● **Task instructions**
Apart from the pictures, return every line of the listing exactly.

● **Recorded information**
——————————

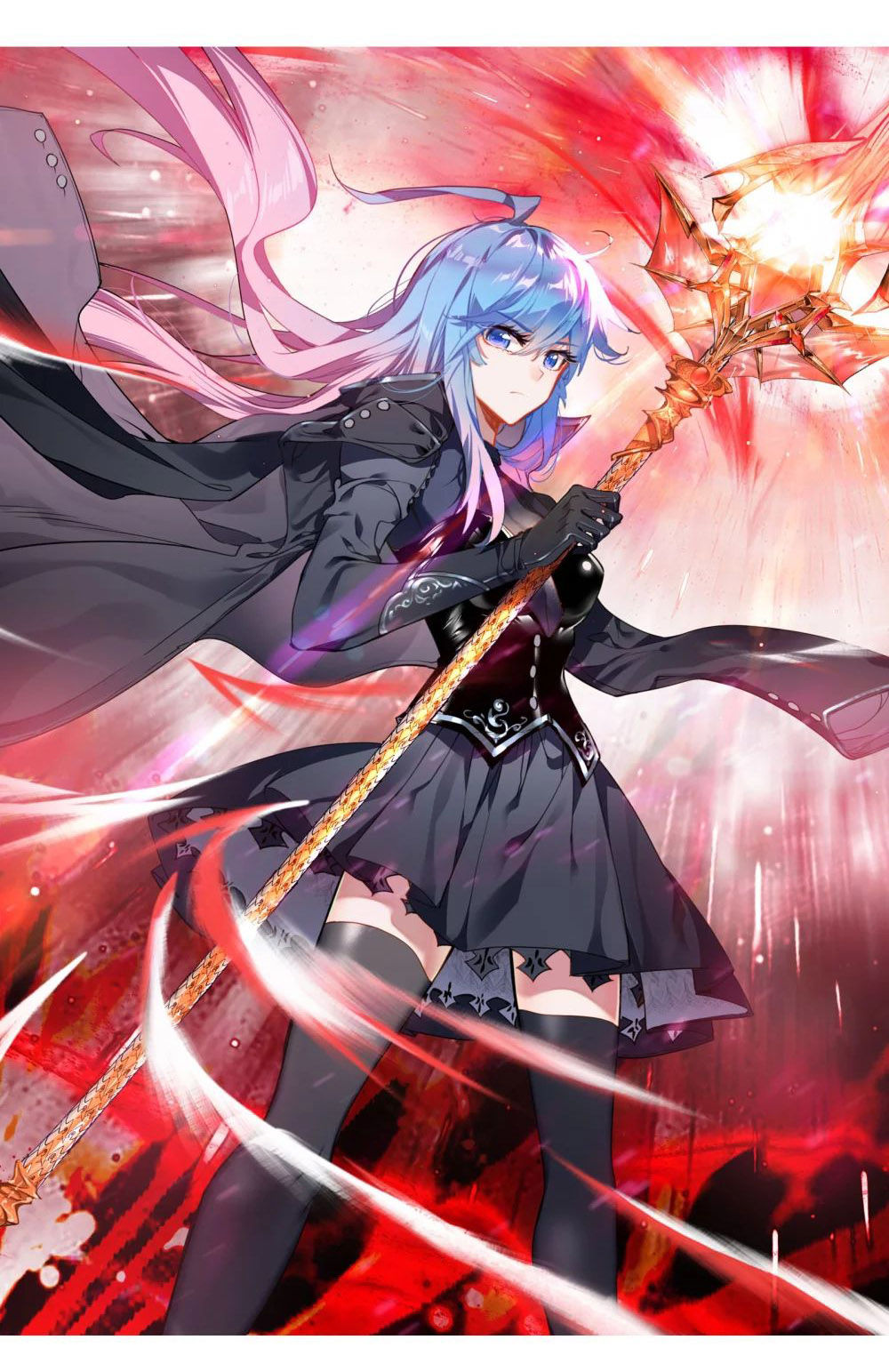 Tuyệt Thế Đường Môn Chap 206 - Next Chap 207
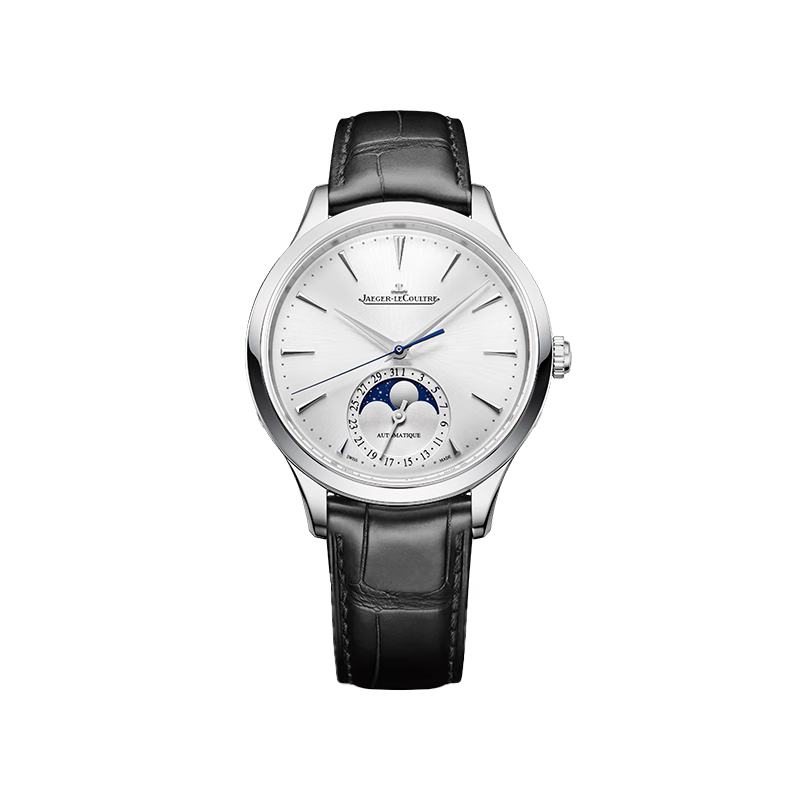 积家（Jaeger）超薄大师系列 自动机械机芯 50米防水 36mm 瑞表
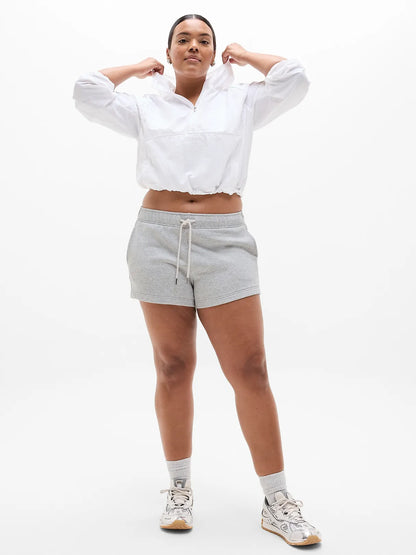 Heavyweight Terry Mid Rise 3" Sportie Short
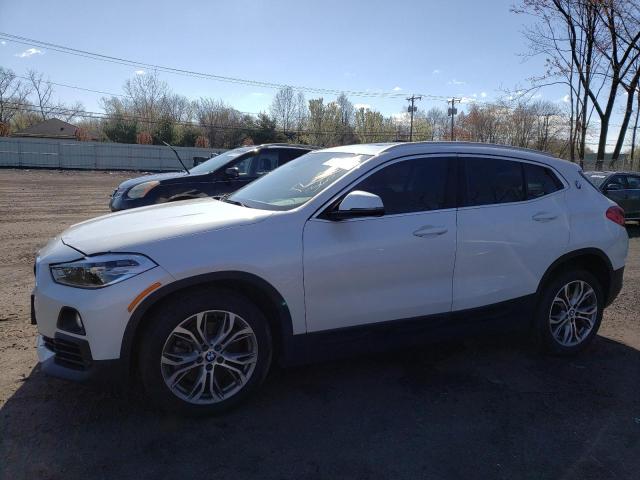 WBXYJ1C03L5P14023 - 2020 BMW X2 XDRIVE28I WHITE photo 1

——————————

● **Expected answer**
 Tuyệt Thế Đường Môn Chap 206 - Next Chap 207
 积家（Jaeger）超薄大师系列 自动机械机芯 50米防水 36mm 瑞表
 Heavyweight Terry Mid Rise 3" Sportie Short
 WBXYJ1C03L5P14023 - 2020 BMW X2 XDRIVE28I WHITE photo 1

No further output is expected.